» Task goal
The entries are to be reproduced verbatim, with all pictures omitted.
:: Stored data
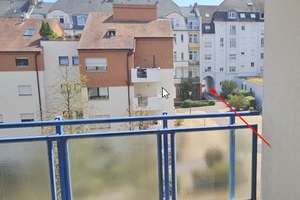 2 ZKB Loggia Tiefgarage Kellerraum – Die vollständige Adresse der Immobilie erhältst du vom Anbieter., 65187 Rheingauviertel / Hollerborn, Wiesbaden – Vorschaubild 9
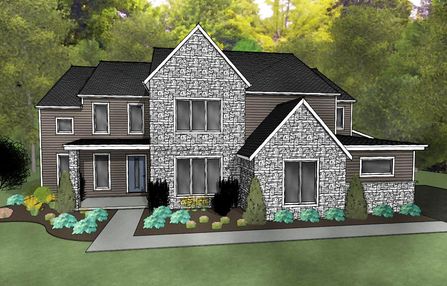 The Essex by EGStoltzfus Homes, LLC in Lancaster PA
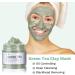 ANAI RUI Spa Facial Mask Set- Dead Sea Minerals Mud Mask - Turmeric Clay Mask - Green Tea Facial Mud Mask Blackheads Removing Face Mask Set 2.5 oz each. Orange - Buy Online on GoSupps.com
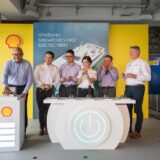 Shell signs MoU with MPA to develop low- and zero-carbon fuels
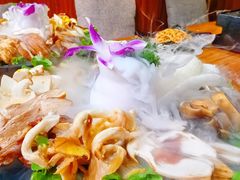 -束河人家(南锣鼓巷店)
::::
» Result of this exercise
 2 ZKB Loggia Tiefgarage Kellerraum – Die vollständige Adresse der Immobilie erhältst du vom Anbieter., 65187 Rheingauviertel / Hollerborn, Wiesbaden – Vorschaubild 9
 The Essex by EGStoltzfus Homes, LLC in Lancaster PA
 ANAI RUI Spa Facial Mask Set- Dead Sea Minerals Mud Mask - Turmeric Clay Mask - Green Tea Facial Mud Mask Blackheads Removing Face Mask Set 2.5 oz each. Orange - Buy Online on GoSupps.com
 Shell signs MoU with MPA to develop low- and zero-carbon fuels
 -束河人家(南锣鼓巷店)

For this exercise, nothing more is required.